Task directions: In the listing below, write out exactly each line from the first through the one containing "Justin Tuck New".
==*==
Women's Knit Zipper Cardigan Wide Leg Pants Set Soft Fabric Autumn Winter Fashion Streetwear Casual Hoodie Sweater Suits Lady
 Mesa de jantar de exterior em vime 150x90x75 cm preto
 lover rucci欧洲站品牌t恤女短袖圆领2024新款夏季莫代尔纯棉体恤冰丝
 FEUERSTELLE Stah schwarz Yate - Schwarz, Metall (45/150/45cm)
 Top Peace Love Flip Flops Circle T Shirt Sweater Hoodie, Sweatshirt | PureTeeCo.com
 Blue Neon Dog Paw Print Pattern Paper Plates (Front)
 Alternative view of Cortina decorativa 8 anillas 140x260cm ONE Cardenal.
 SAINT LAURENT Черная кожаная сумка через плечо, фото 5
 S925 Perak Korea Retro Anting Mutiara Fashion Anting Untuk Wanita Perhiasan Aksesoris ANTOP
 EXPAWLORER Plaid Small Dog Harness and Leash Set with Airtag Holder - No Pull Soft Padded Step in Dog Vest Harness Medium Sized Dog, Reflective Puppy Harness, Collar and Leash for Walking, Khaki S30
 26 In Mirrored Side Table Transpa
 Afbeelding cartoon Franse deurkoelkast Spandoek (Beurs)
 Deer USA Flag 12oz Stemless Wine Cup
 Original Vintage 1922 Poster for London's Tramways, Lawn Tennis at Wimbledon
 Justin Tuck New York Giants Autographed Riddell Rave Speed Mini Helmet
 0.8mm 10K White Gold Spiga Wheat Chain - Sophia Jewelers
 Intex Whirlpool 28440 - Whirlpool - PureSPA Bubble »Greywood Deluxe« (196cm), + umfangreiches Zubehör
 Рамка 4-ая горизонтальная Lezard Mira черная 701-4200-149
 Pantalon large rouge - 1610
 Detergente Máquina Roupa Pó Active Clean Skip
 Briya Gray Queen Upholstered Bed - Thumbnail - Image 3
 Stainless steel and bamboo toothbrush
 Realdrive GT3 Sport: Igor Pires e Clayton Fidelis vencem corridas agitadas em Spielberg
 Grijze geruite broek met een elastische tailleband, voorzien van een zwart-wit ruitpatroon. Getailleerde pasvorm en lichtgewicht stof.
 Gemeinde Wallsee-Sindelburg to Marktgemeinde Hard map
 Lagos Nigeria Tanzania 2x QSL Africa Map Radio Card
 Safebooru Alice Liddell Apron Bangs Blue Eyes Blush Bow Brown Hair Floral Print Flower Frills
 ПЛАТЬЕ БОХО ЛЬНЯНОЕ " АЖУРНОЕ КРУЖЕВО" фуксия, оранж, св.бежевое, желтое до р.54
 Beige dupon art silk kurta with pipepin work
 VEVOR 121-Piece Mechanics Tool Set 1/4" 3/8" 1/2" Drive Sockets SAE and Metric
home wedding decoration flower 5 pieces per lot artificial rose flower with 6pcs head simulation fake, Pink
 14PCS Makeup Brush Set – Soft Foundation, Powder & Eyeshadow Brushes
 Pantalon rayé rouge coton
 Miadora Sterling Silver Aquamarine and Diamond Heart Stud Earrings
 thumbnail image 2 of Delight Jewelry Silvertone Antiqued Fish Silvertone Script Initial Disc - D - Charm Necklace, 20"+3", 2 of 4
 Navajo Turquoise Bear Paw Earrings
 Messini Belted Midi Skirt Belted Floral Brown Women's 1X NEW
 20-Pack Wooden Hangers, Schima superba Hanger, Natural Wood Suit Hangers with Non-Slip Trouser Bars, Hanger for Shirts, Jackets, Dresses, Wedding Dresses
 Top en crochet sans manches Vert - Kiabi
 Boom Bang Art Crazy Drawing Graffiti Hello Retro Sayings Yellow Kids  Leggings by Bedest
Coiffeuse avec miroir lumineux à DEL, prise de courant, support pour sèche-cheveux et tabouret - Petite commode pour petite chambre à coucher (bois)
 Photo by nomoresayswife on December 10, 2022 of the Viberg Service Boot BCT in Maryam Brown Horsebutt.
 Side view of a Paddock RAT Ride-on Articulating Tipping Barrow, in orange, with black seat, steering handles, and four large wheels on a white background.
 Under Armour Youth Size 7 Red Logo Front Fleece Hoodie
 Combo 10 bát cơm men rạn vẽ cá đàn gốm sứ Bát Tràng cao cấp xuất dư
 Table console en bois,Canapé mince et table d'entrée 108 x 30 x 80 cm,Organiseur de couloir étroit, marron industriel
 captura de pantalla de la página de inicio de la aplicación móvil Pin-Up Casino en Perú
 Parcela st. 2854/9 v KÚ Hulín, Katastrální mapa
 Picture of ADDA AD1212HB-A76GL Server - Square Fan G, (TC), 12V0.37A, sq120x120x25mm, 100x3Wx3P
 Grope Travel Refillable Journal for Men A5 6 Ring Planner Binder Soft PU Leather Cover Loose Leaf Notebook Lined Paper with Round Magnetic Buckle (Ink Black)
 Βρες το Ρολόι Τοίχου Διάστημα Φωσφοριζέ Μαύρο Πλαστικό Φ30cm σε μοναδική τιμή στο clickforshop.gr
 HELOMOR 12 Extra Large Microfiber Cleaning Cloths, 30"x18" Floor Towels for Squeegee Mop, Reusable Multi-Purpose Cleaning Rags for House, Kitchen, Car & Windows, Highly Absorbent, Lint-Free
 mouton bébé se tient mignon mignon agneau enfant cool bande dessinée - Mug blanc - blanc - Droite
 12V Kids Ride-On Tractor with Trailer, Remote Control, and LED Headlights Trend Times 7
==*==
Output of the exercise:
Women's Knit Zipper Cardigan Wide Leg Pants Set Soft Fabric Autumn Winter Fashion Streetwear Casual Hoodie Sweater Suits Lady
 Mesa de jantar de exterior em vime 150x90x75 cm preto
 lover rucci欧洲站品牌t恤女短袖圆领2024新款夏季莫代尔纯棉体恤冰丝
 FEUERSTELLE Stah schwarz Yate - Schwarz, Metall (45/150/45cm)
 Top Peace Love Flip Flops Circle T Shirt Sweater Hoodie, Sweatshirt | PureTeeCo.com
 Blue Neon Dog Paw Print Pattern Paper Plates (Front)
 Alternative view of Cortina decorativa 8 anillas 140x260cm ONE Cardenal.
 SAINT LAURENT Черная кожаная сумка через плечо, фото 5
 S925 Perak Korea Retro Anting Mutiara Fashion Anting Untuk Wanita Perhiasan Aksesoris ANTOP
 EXPAWLORER Plaid Small Dog Harness and Leash Set with Airtag Holder - No Pull Soft Padded Step in Dog Vest Harness Medium Sized Dog, Reflective Puppy Harness, Collar and Leash for Walking, Khaki S30
 26 In Mirrored Side Table Transpa
 Afbeelding cartoon Franse deurkoelkast Spandoek (Beurs)
 Deer USA Flag 12oz Stemless Wine Cup
 Original Vintage 1922 Poster for London's Tramways, Lawn Tennis at Wimbledon
 Justin Tuck New York Giants Autographed Riddell Rave Speed Mini Helmet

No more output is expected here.